Calamaria andersoni
- Conservation status: Data Deficient (IUCN 3.1)

Scientific classification
- Kingdom: Animalia
- Phylum: Chordata
- Class: Reptilia
- Order: Squamata
- Suborder: Serpentes
- Family: Colubridae
- Genus: Calamaria
- Species: C. andersoni
- Binomial name: Calamaria andersoni Yang & Zheng, 2018

= Calamaria andersoni =

- Genus: Calamaria
- Species: andersoni
- Authority: Yang & Zheng, 2018
- Conservation status: DD

Species of snake

Calamaria andersoni, also known commonly as Anderson's reed snake, is a species of snake in the subfamily Calamariinae of the family Colubridae. The species is endemic to China.

==Etymology==
The specific name, andersoni, is in honor of Scottish zoologist John Anderson (1833–1900).

==Description==
Dorsally, Calamaria andersoni is brown, with indistinct narrow black stripes on the flanks. Underside of the head possess a light yellow coloration with brownish flecks on the infra-labials and chin shields.

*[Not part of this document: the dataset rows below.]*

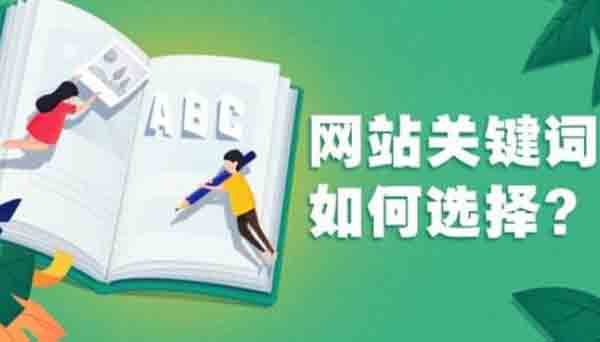 一个网站如何从关键词中获得它最大的商业价值？赚钱关键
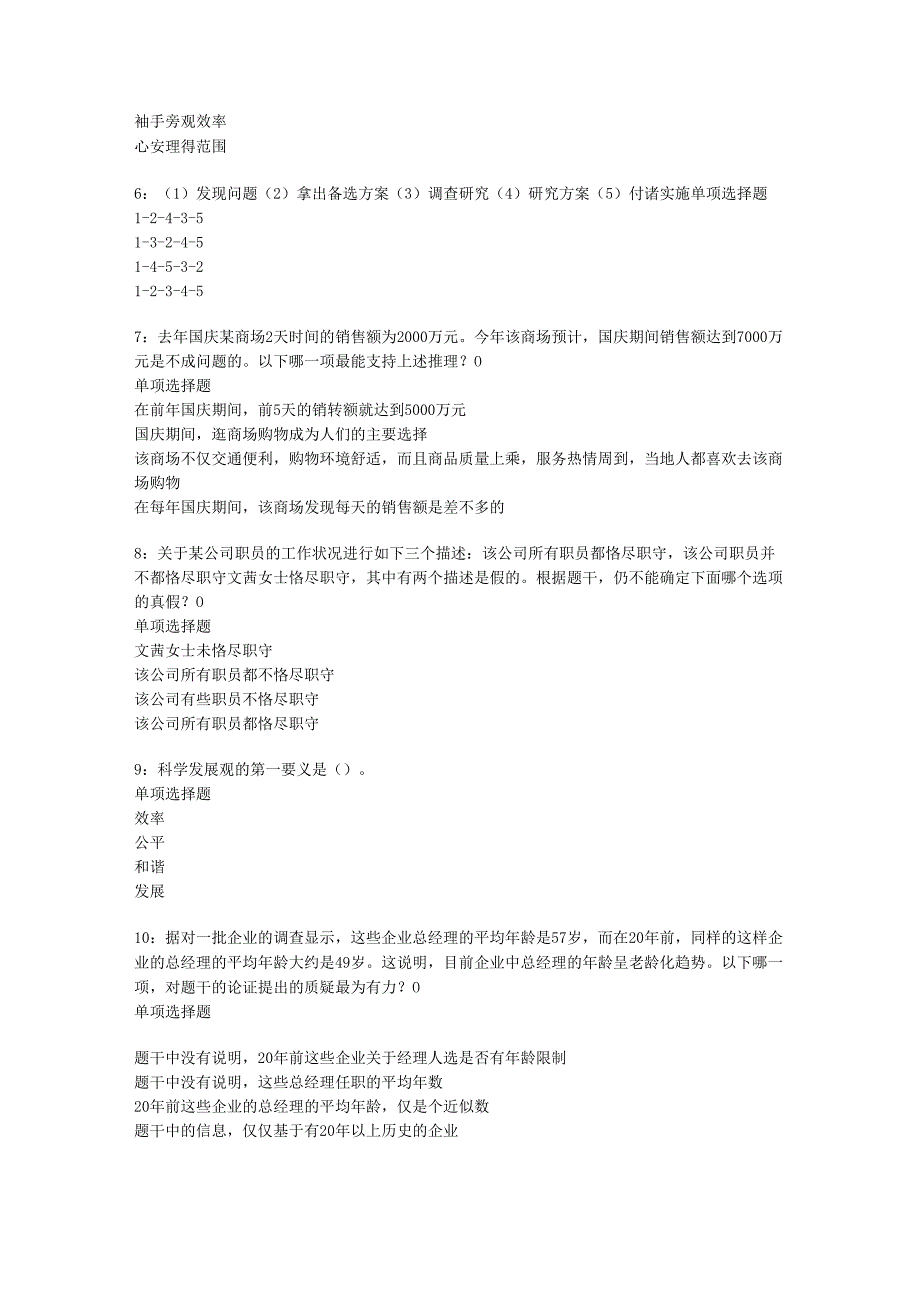 乌鲁木齐事业编招聘2019年考试真题及答案解析【word版】.docx_第2页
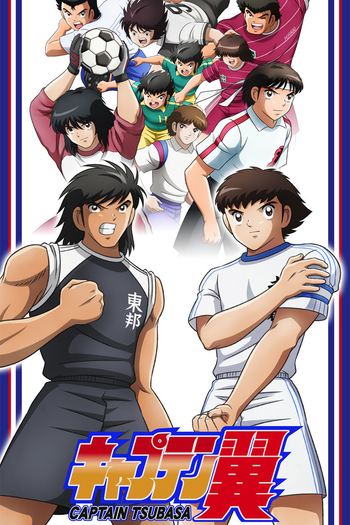  de Série Super Campeões (2018) (2018)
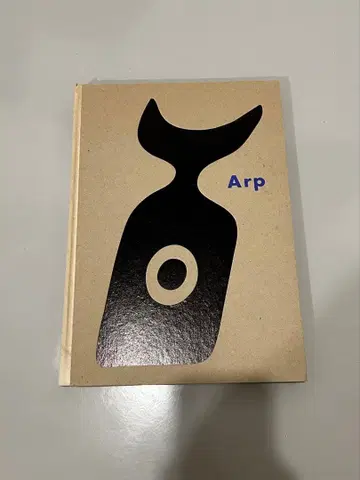 한스 아르프 전 Hans Arp 도록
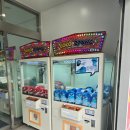 짱구오락실 이미지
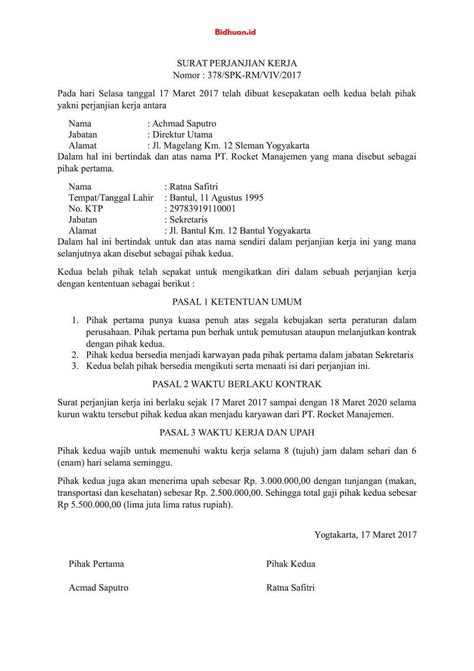 Contoh surat kontrak kerja yang sering diterapkan di indonesia adalah perjanjian kerja waktu tertentu (pkwt) dan perjanjian kerja waktu tidak tertentu (pkwtt). 5 Contoh Surat Kontrak Kerja Perusahaan Sesuai Aturan ...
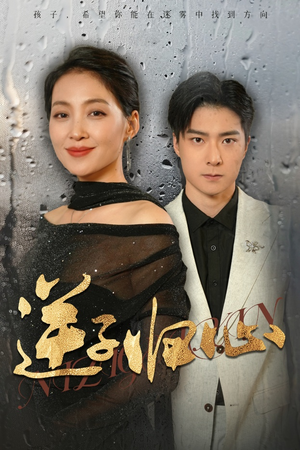 逆子归心（31集）短剧全集免费看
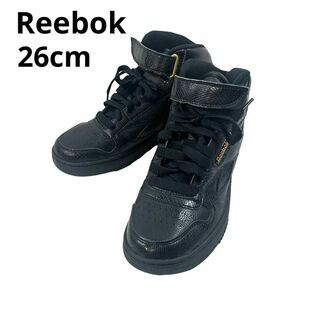 リーボック(Reebok)のReebok リーボックスニーカー black 26㎝ ユニセックス(スニーカー)
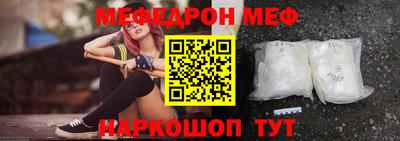 PSILOCYBIN Гагарин
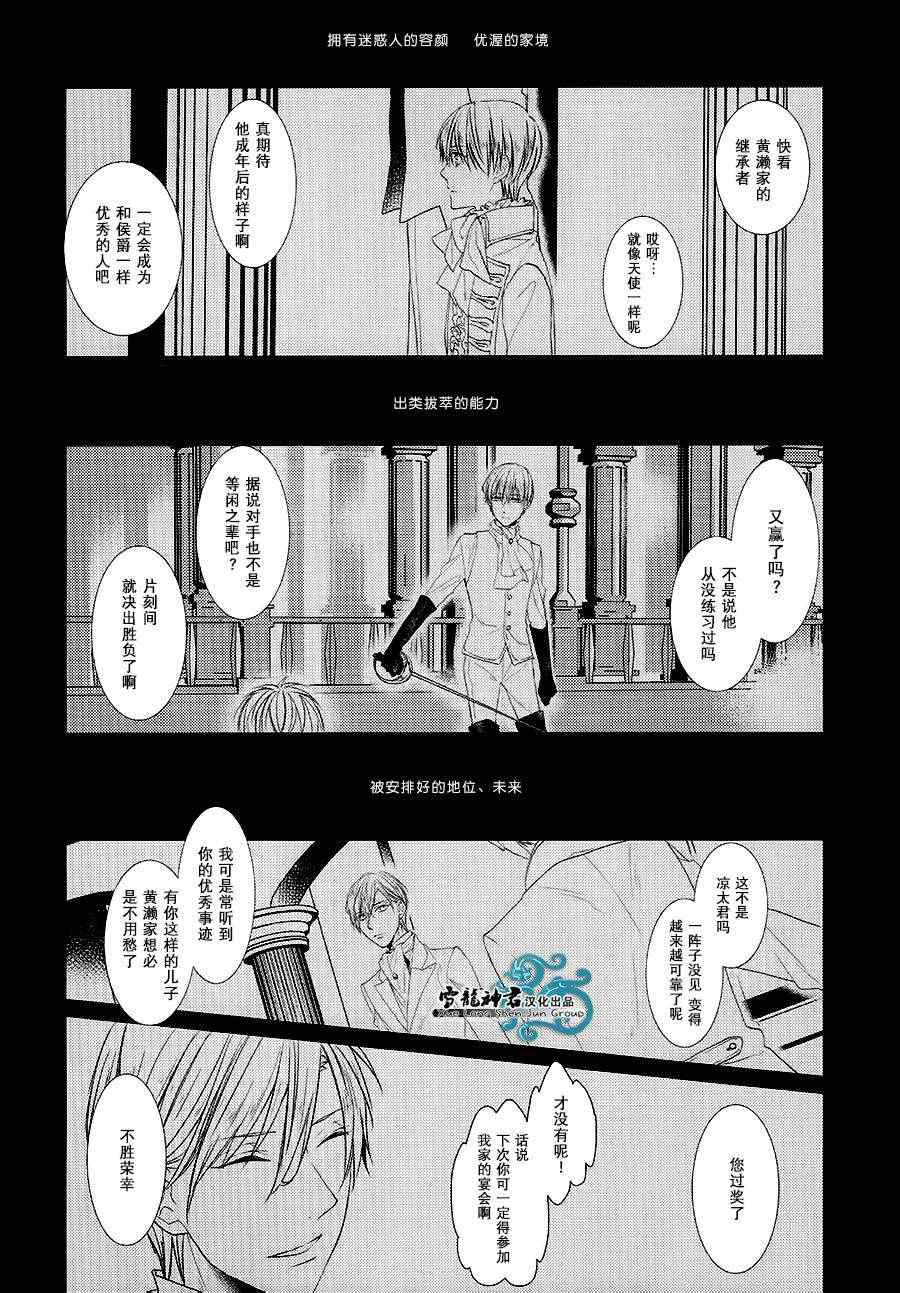 《Norn》漫画 002集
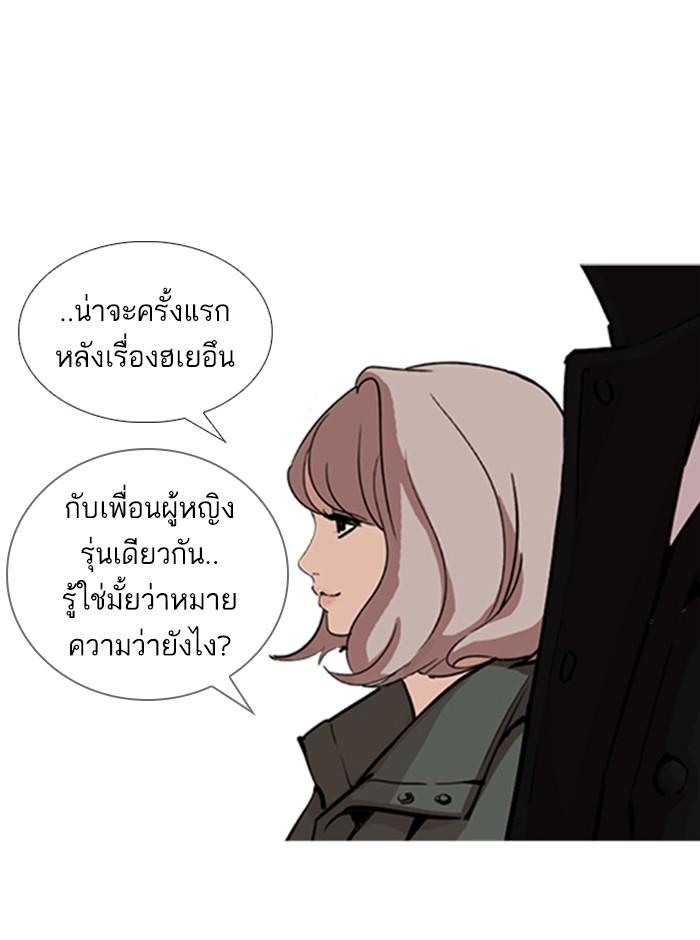 Lookism ตอนที่ 248 หน้า 74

It has four upper labials, the second and third touching the eye. It has one preocular. The mental is not in contact with the anterior chin shields. The dorsal scales are arranged in 13 rows throughout the length of the body. The holotype, a male, has 171 ventrals, and 23 subcaudals.

==Geographic distribution==
Calamaria andersoni is found in Yunnan province, China.

==Behavior==
Calamaria andersoni is terrestrial and fossorial.